NEW YORK (NY)
The Atlantic
May 17, 2019
By James Carroll
To feel relief at my mother’s being dead was once unthinkable, but then the news came from Ireland. It would have crushed her. An immigrant’s daughter, my mother lived with an eye cast back to the old country, the land against which she measured every virtue. Ireland was heaven to her, and the Catholic Church was heaven’s choir. Then came the Ryan Report.
Not long before The Boston Globe began publishing its series on predator priests, in 2002—the “Spotlight” series that became a movie of the same name—the government of Ireland established a commission, ultimately chaired by Judge Sean Ryan, to investigate accounts and rumors of child abuse in Ireland’s residential institutions for children, nearly all of which were run by the Catholic Church.
The Ryan Commission published its 2,600-page report in 2009. Despite government inspections and supervision, Catholic clergy had, across decades, violently tormented thousands of children. The report found that children held in orphanages and reformatory schools were treated no better than slaves—in some cases, sex slaves. Rape and molestation of boys were “endemic.” Other reports were issued about other institutions, including parish churches and schools, and homes for unwed mothers—the notorious “Magdalene Laundries,” where girls and women were condemned to lives of coercive servitude. The ignominy of these institutions was laid out in plays and documentary films, and in Philomena, the movie starring Judi Dench, which was based on a true story. The homes-for-women scandal climaxed in 2017, when a government report revealed that from 1925 to 1961, at the Bon Secours Mother and Baby Home, in Tuam, County Galway, babies who died—nearly 800 of them—were routinely disposed of in mass graves or sewage pits. Not only priests had behaved despicably. So had nuns.

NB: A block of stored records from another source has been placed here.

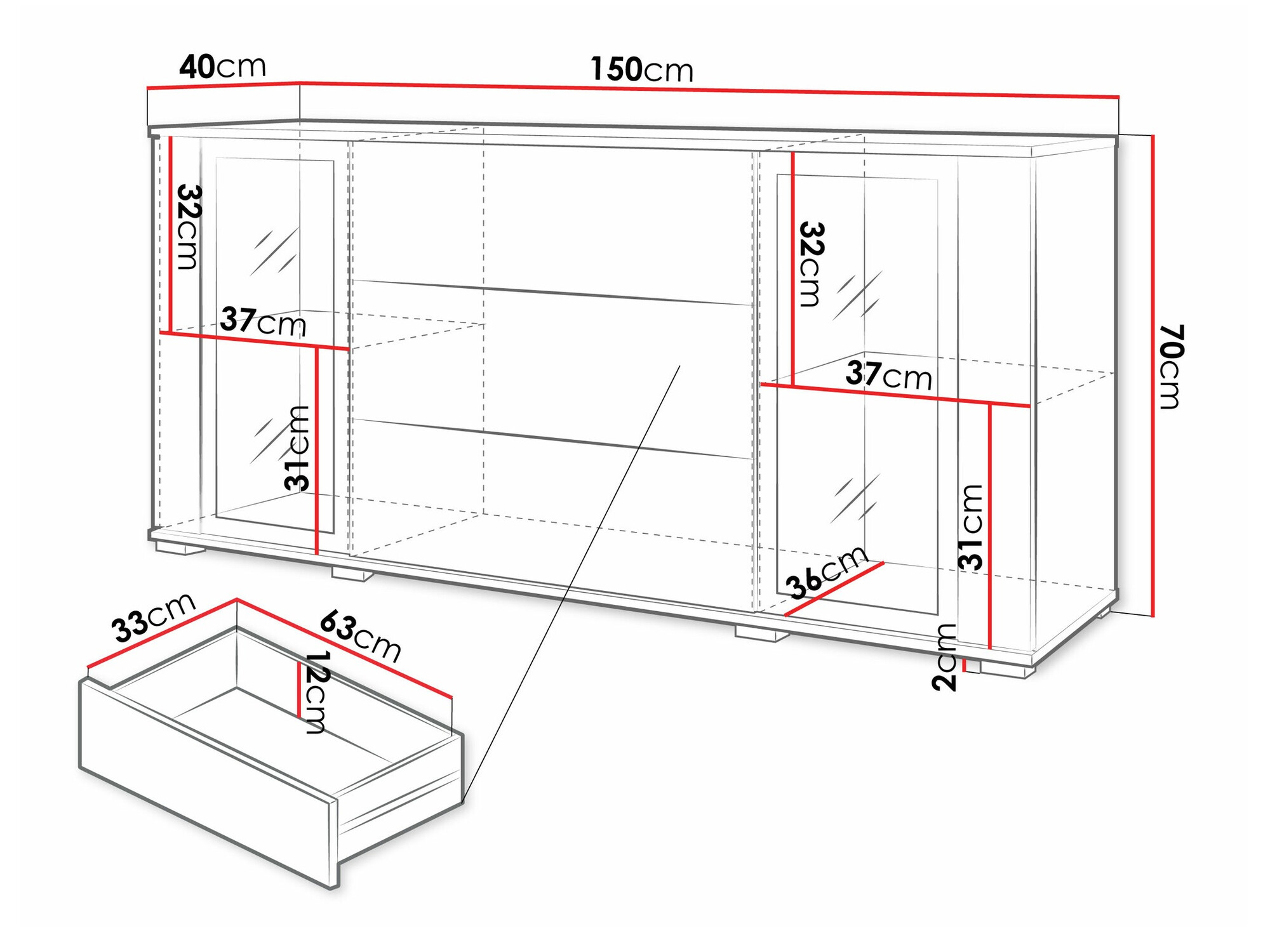 Komoda Torcame 101 (Belo + Sjajno belo)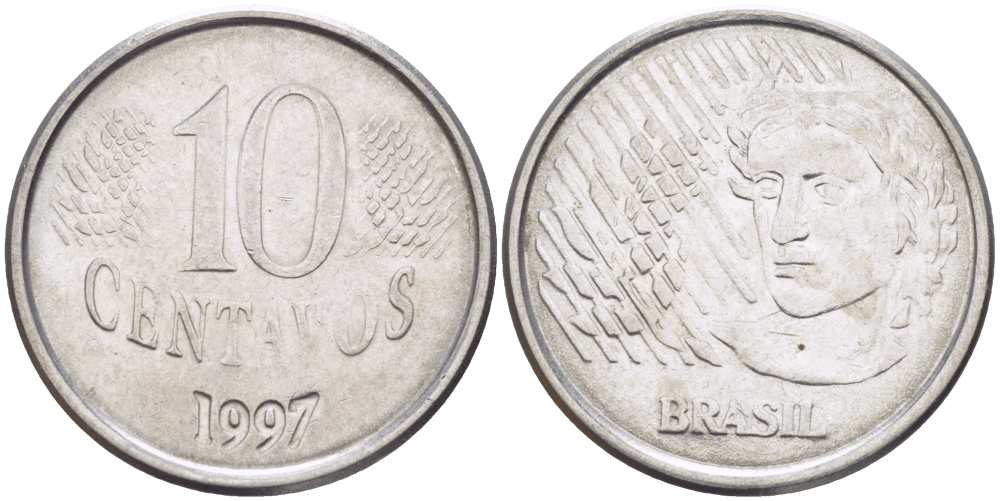 Бразилия 10 сентаво 1997 голова свободы KM 633 нержавеющая сталь 60-755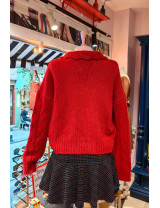 Kırmızı İnci Detaylı Örgü Crop Kazak | Moda Kadın Kazakları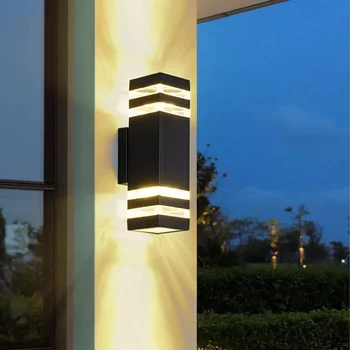  Черна водоустойчива стенна лампа LED външно осветление E27 110-240 Алуминиеви двукрайни енергоспестяващи лампи IP65 Стенна шайба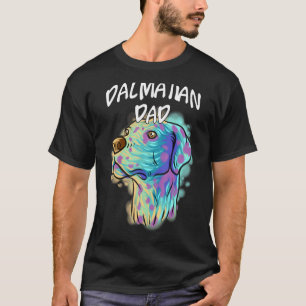 Färgfläckig Pop Porträtt Dalmatian Hund Pappa Far T Shirt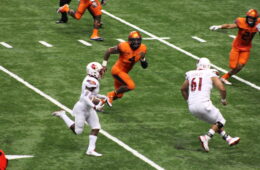 Traveon Samuel, Tobijah Hughley Louisville vs. Syracuse 9-9-2016 Photo by Mark Blankenbaker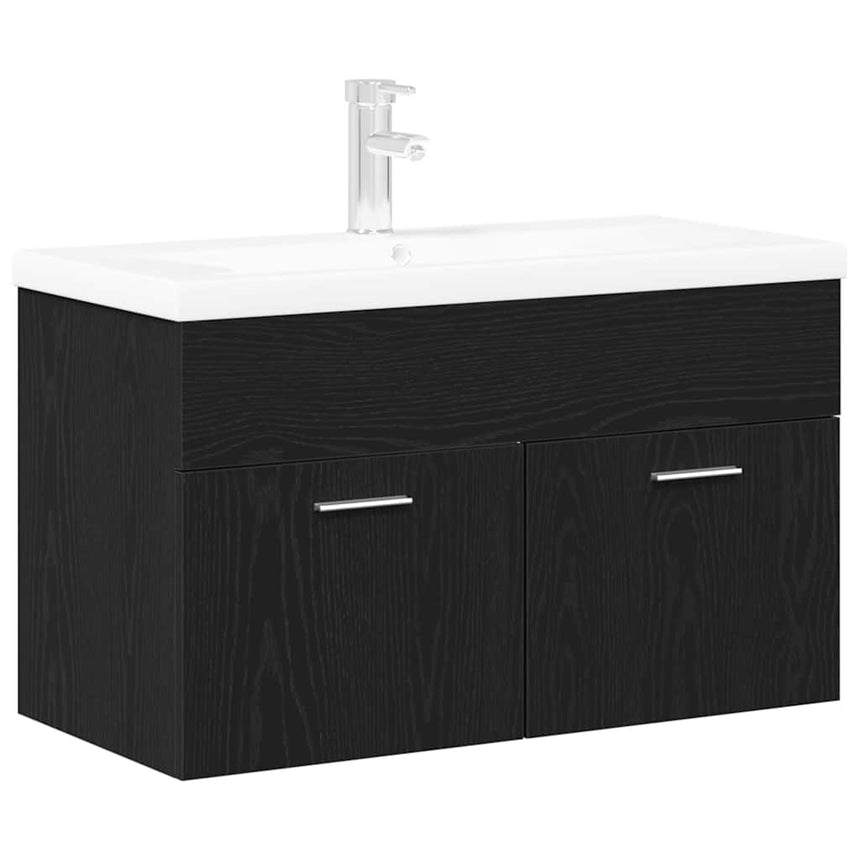 vidaXL Cabinet de salle de bain Chêne noir 80 x 38,5 x 46 cm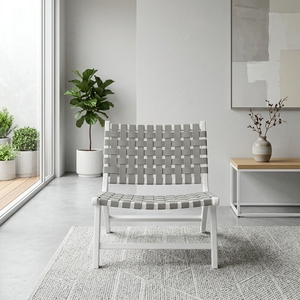 Silla Moderna de Madera de Caoba Blanca con Tapicería Gris para el Hogar, Sala de Estar y Dormitorio - Product Image 3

In August 2018, Pope Francis made a much publicized visit to Ireland. His timing could not have been worse. Just then, a second wave of the Catholic sex-abuse scandal was breaking. In Germany, a leaked bishops’ investigation revealed that from 1946 to 2014, 1,670 clergy had assaulted 3,677 children. Civil authorities in other nations were launching investigations, moving aggressively to preempt the Church. In the United States, also in 2018, a Pennsylvania grand jury alleged that over the course of 70 years, more than 1,000 children had been abused by more than 300 priests across the state. Church authorities had successfully silenced the victims, deflected law enforcement, and shielded the predators. The Pennsylvania report was widely taken to be a conclusive adjudication, but grand-jury findings are not verdicts. Still, this record of testimony and investigation was staggering. The charges told of a ring of pedophile priests who gave many of their young targets the gift of a gold cross to wear, so that the other predator priests could recognize an initiated child who would not resist an overture. “This is the murder of a soul,” said one victim who testified before the grand jury.